TASK PROMPT: Your output must be the lines below from the line containing "Poświęcenie sztandaru dla" to the line containing "Vit Begagnad 2019", both lines included, reproduced exactly and without pictures.

===== GIVEN INFORMATION

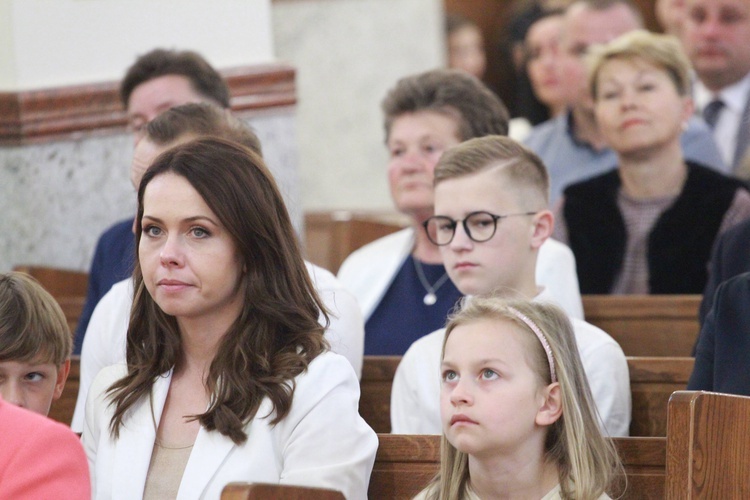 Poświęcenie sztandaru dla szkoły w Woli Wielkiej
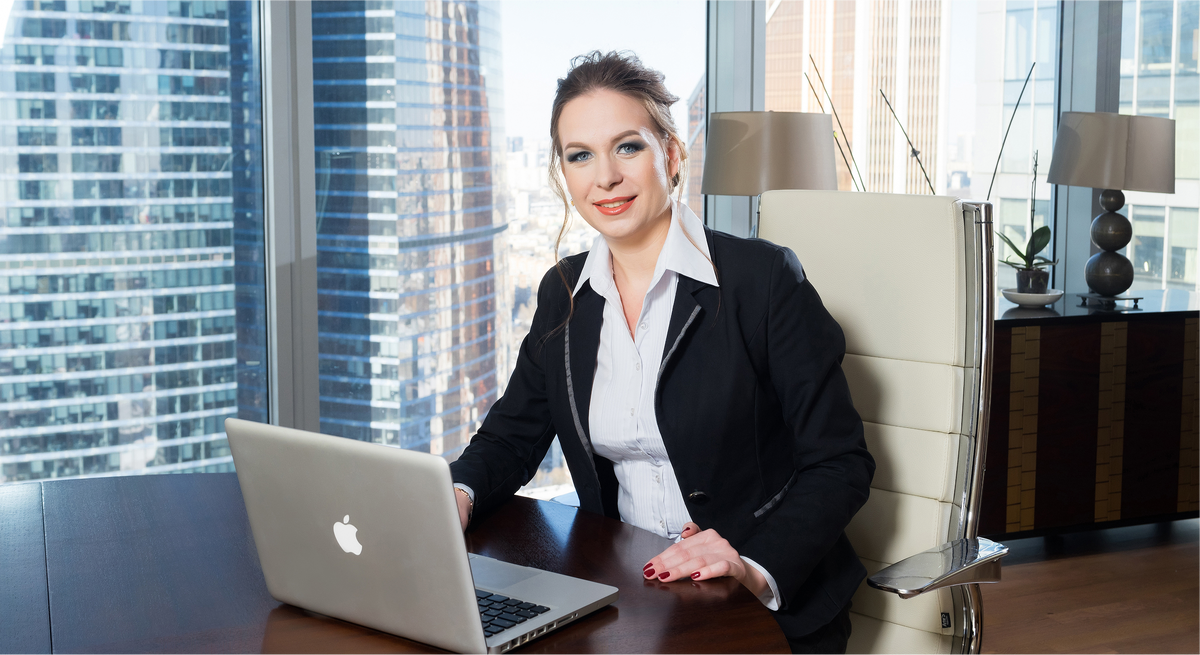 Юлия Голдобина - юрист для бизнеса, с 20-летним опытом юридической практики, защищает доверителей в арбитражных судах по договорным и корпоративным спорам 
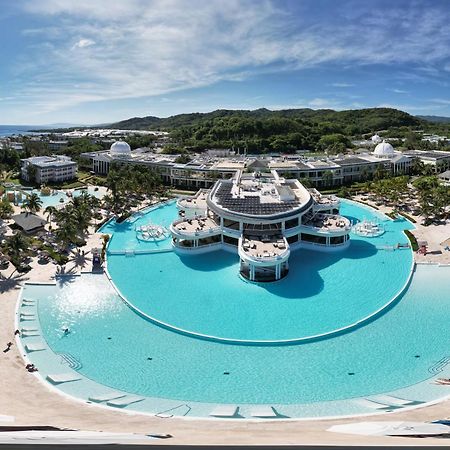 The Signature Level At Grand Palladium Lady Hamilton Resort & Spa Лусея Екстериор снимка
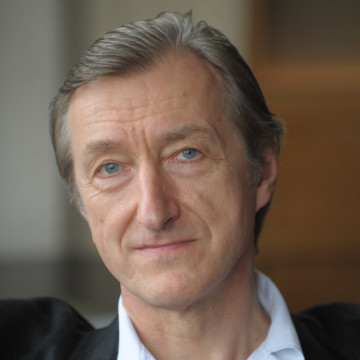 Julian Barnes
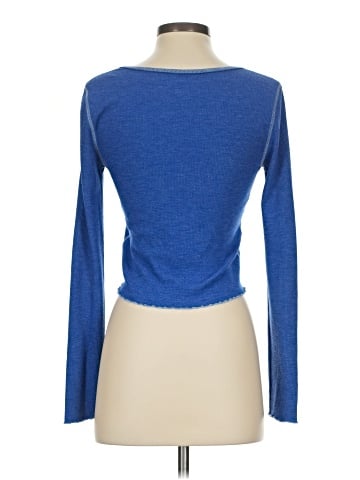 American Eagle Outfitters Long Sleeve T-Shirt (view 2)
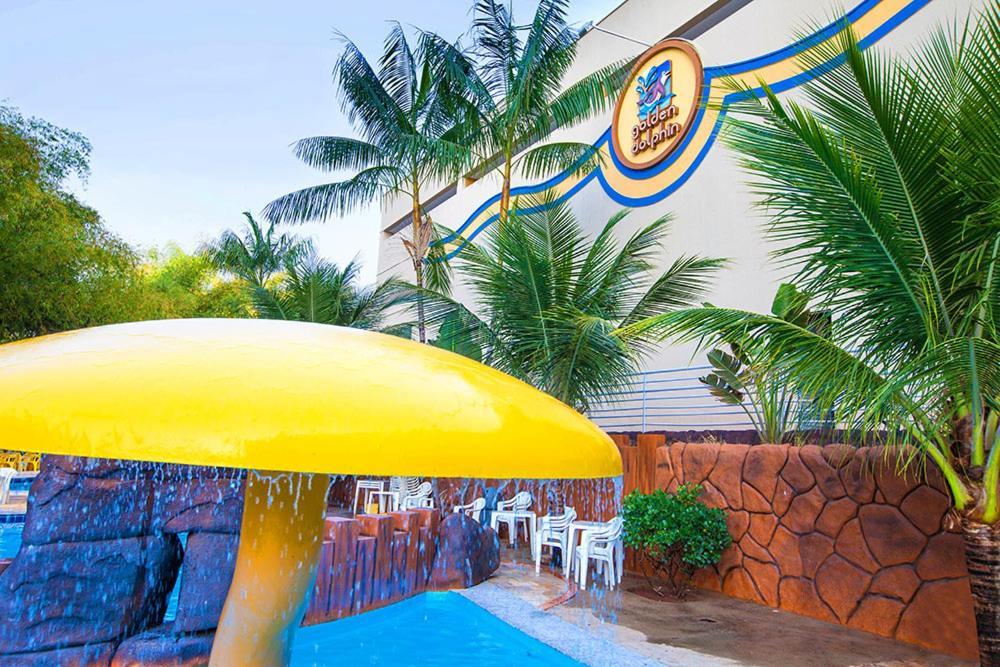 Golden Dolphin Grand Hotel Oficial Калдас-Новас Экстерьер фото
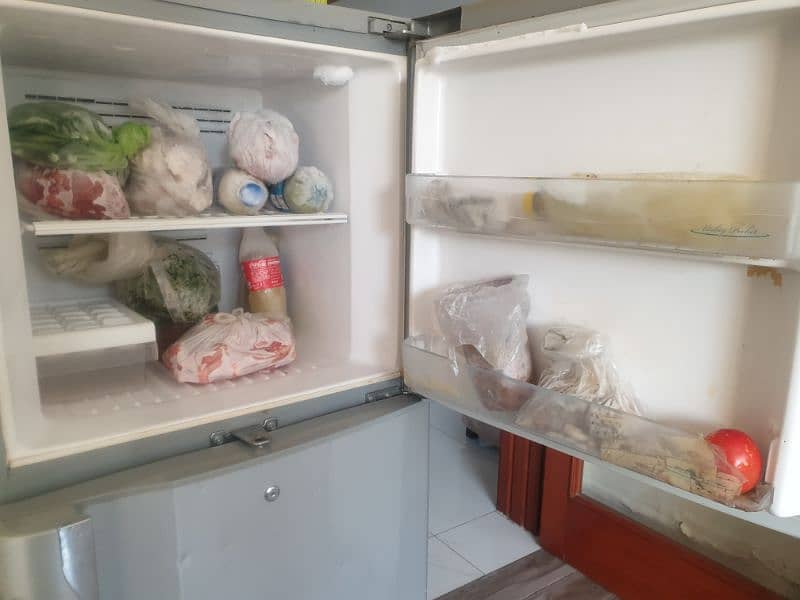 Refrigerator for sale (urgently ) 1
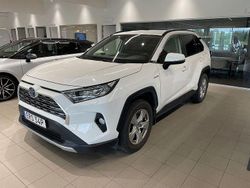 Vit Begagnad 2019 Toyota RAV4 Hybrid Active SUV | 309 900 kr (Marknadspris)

==========
===== GIVEN INFORMATION

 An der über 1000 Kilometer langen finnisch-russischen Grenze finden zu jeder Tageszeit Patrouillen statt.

==========
===== GIVEN INFORMATION

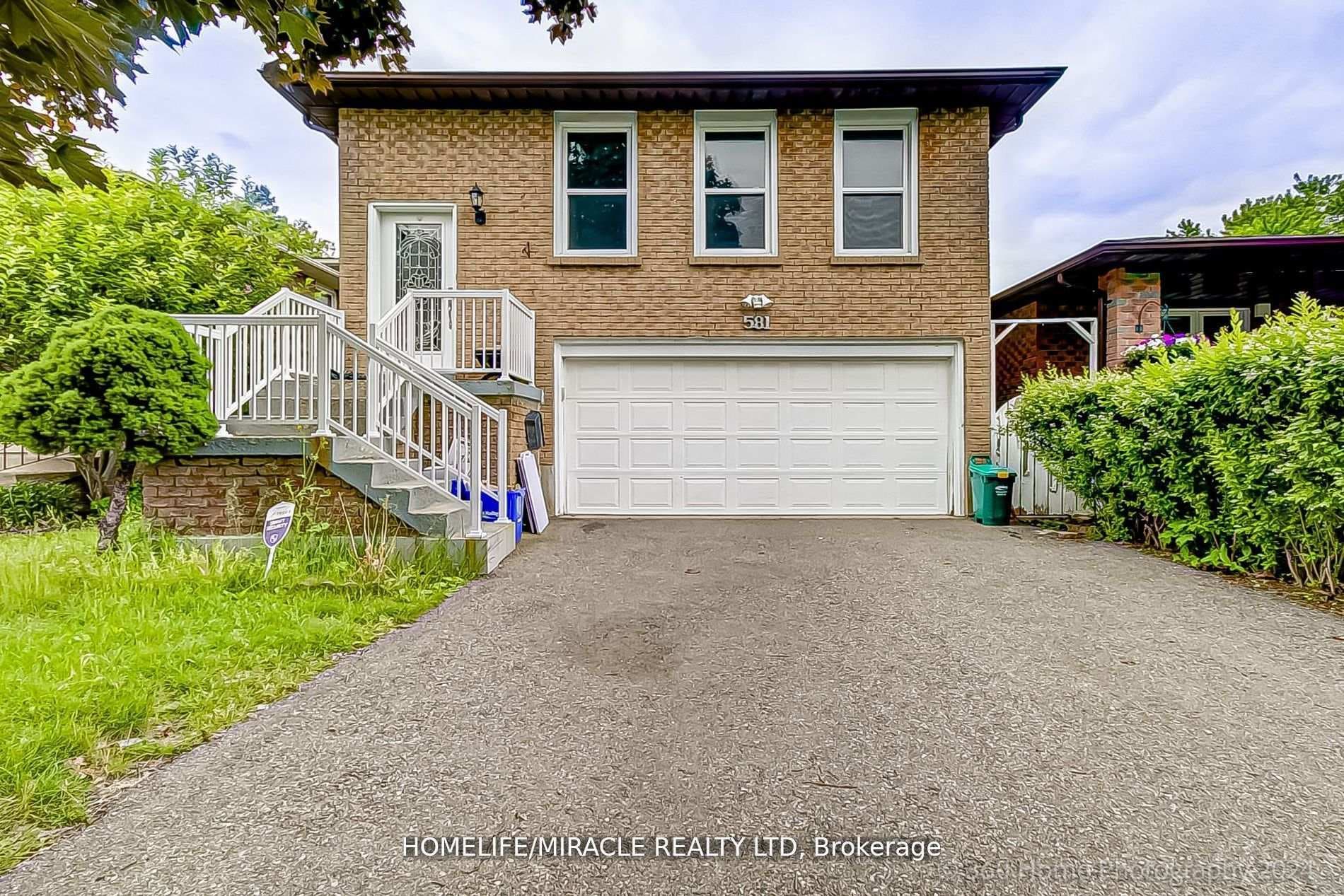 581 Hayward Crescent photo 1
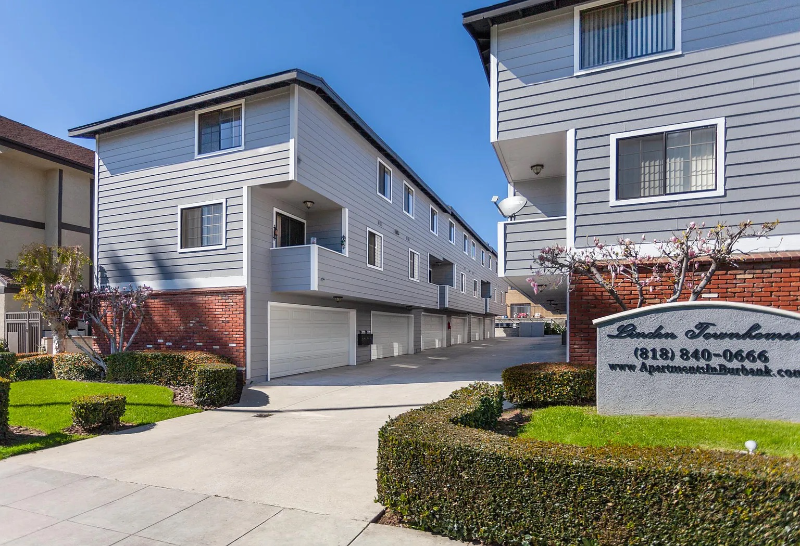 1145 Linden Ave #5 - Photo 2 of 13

==========

TASK RESULT:
 Poświęcenie sztandaru dla szkoły w Woli Wielkiej
 Юлия Голдобина - юрист для бизнеса, с 20-летним опытом юридической практики, защищает доверителей в арбитражных судах по договорным и корпоративным спорам 
 The Signature Level At Grand Palladium Lady Hamilton Resort & Spa Лусея Екстериор снимка
 Julian Barnes
 American Eagle Outfitters Long Sleeve T-Shirt (view 2)
 Golden Dolphin Grand Hotel Oficial Калдас-Новас Экстерьер фото
 Refrigerator for sale (urgently ) 1
 Vit Begagnad 2019 Toyota RAV4 Hybrid Active SUV | 309 900 kr (Marknadspris)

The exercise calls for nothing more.